How to build a non-geographical map #1
Or how to map similarities for serendipitous data exploration (with Python)
Maps are powerful design objects for data visualization. They are commonly used to emphasize the spatial relationship between elements and compare multiple variables. In the context of non-geographical data, dimensionality reduction techniques allow us to map similarities in a two-dimensional space without compromising the richness of the initial information.
🔗 Link to #part 2: How to turn a scatter plot into an interactive map
#Part 1: Dimensionality reduction & visualization
Step 1. Set up features and initial dimensions
To visualize your non-geographical data in a map-like way, you need to think of each element (or point on the map), as defined by a certain set of features (or attributes).
This set of features must be constant across your dataset. Meaning that each element can be described by assigning different values to the same features.
To identify what attributes would best describe your data, you can ask yourself:
“What intuitively makes two elements similar, and what differentiates them?”
On the map, the closer together, the more similar two elements are.
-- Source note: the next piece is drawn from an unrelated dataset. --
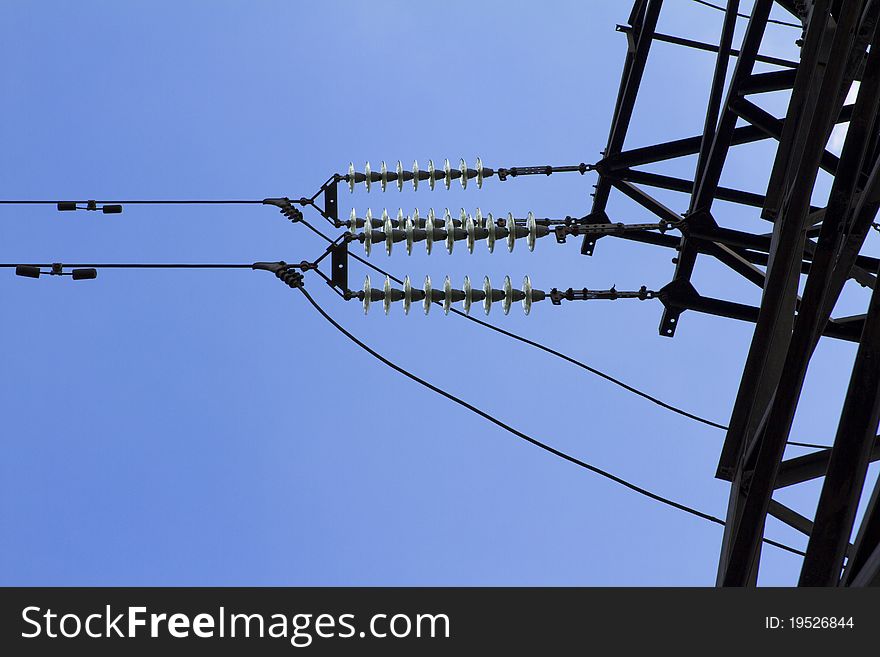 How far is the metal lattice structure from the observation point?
248 inches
The further away, the more different.
Example - mapping occupations based on skills and knowledge similarity
In this example, I want to represent job titles depending on their similarity in terms of required skills and knowledge, using ONET open database.
I’m quite lucky, because this dataset is very well organized. All occupations are described by the same set of skills (same with knowledge), and each of them is broken down by importance (how important this skill is to perform the job) and level (required level of expertise for the job). The “Data Value” columns assigns the respective rating.
I defined each skill and knowledge item as a single, separate feature:
Thanks to the quality of the original dataset, this part was fairly easy:
I am now left with a matrix whose row vectors are jobs (n=640) and whose columns are skills and knowledge parameters (p=134).
In machine learning, “dimensionality” simply refers to the number of features (or attributes, or variables) in your dataset.
Since each element is described by 134 parameters, we need a 134-dimensional space to fully represent it… Hard to picture, isn’t it?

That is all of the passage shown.